Intel Fellow talks to KMS students about artificial intelligence and 21st century skills
Killington Mountain School students were lucky enough to spend an hour with alumni parent (Sophie Norton '16) and Intel Fellow Debra Goldfarb, who hosted a presentation for the community focused on critical 21st century skills, as well as artificial intelligence and the ethics surrounding it. Goldfarb, one of only ten female fellows at Intel and 110 total, offered to come speak to student-athletes and share some of her insight about the critical skills that make young people hirable and desirable.
Goldfarb's path to the California-based tech company was somewhat unorthodox; she studied Chinese language and culture in undergraduate and graduate school, yet when it came time to find a job, found it more challenging than expected to find work in China. She ultimately found her niche in a role at the International Data Corp, and finally with Intel where she now serves as Chief Analyst for the Competitive Performance and Market Intelligence Group. In speaking with the KMS students about her non-traditional path to the tech industry, Goldfarb underscored the critical importance of strong communication, writing, and reading skills in any industry. She shared her insight about the value of studying both the humanities and STEM-centered subjects for students in high school and college, "Young people who are strong communicators and are graduating with the ability to work in data and analytics are at a premium; there's a shortage of them and they are extremely employable."
Her presentation illuminated the omnipresence of artificial intelligence in our modern lives, its impact often subtle enough to go unnoticed while still wielding major influence on humans all around the world.
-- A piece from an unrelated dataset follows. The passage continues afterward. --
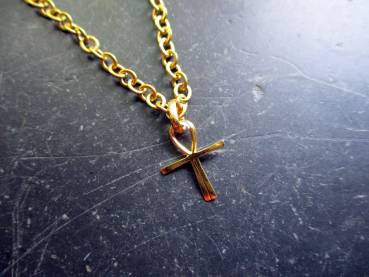 Anhänger, Kreuz, Atlantiskreuz, Ankh, Sterlingsilber, mini, vergoldet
This led to an interactive exchange between Goldfarb and the students about the impact and influence of social media, the power of data gathering, and the ethics and social responsibility behind AI.
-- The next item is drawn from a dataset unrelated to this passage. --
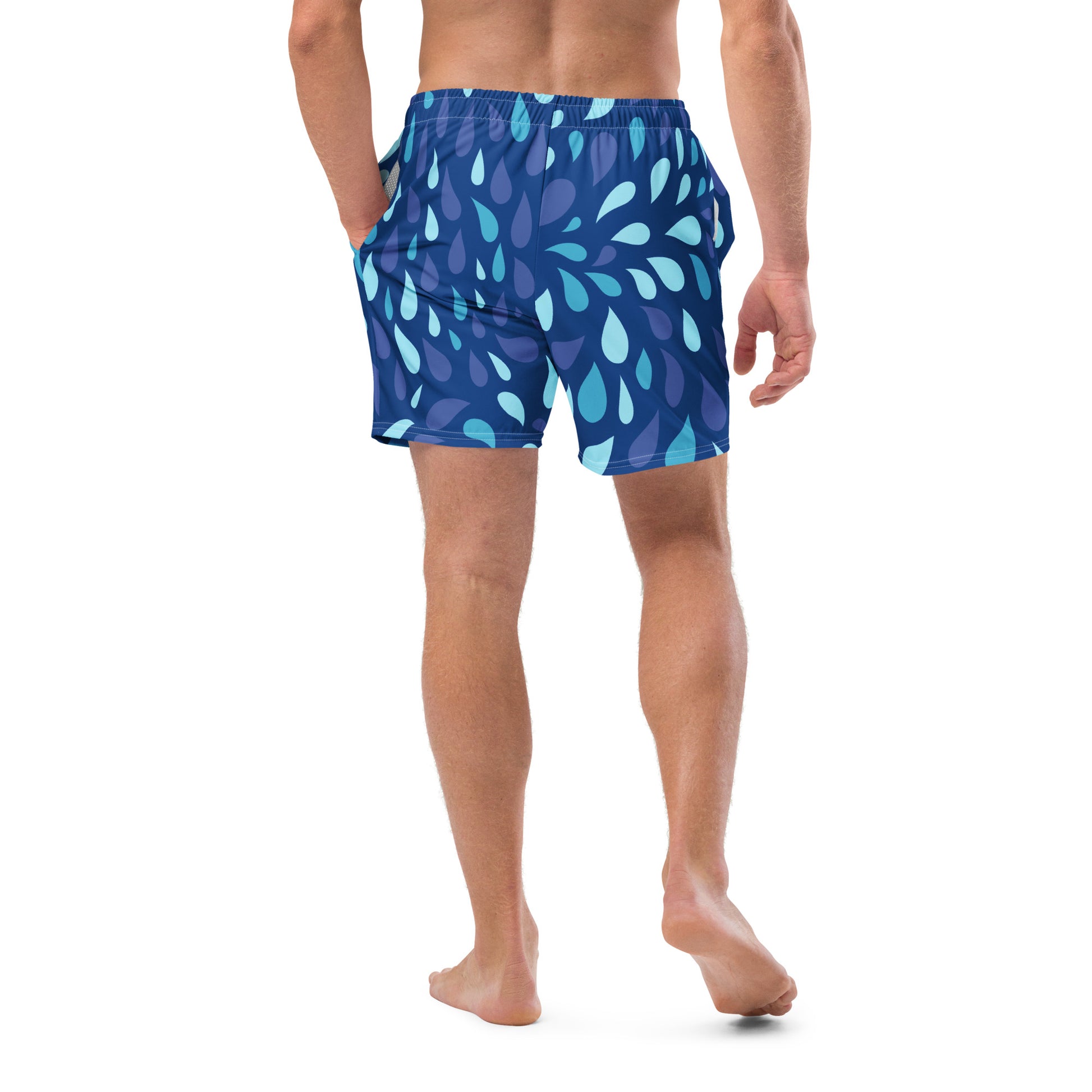 Men's Navy and Cyan "Raindrop" Print Swim Shorts – Tailored Mid-Short Swimsuit with Retro-Modern Graphic Print - FelinDesign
Goldfarb ended her talk with some advice for the group, "Always be certain to challenge yourself about what you are reading and learning; make certain you always know the counterpoint. Study the opposition; see both sides. I read a variety of things every single morning. Be certain you read a lot and across many different subjects. Never surrender your choice about education – if you don’t like what is being offered – ask for what you need - make the case why it’s critical. If all else fails, find somewhere else.. In addition push hard on policy. Consider your privacy. You have a voice and a pen. Scream loud. Be aware. Make choices about how you want to influence the world around us."
Students and faculty alike left Goldfarb's presentation talking, thinking, and continuing the conversations that she'd launched, and feeling appreciative of the opportunity to sit in the audience of an incredibly inspiring individual.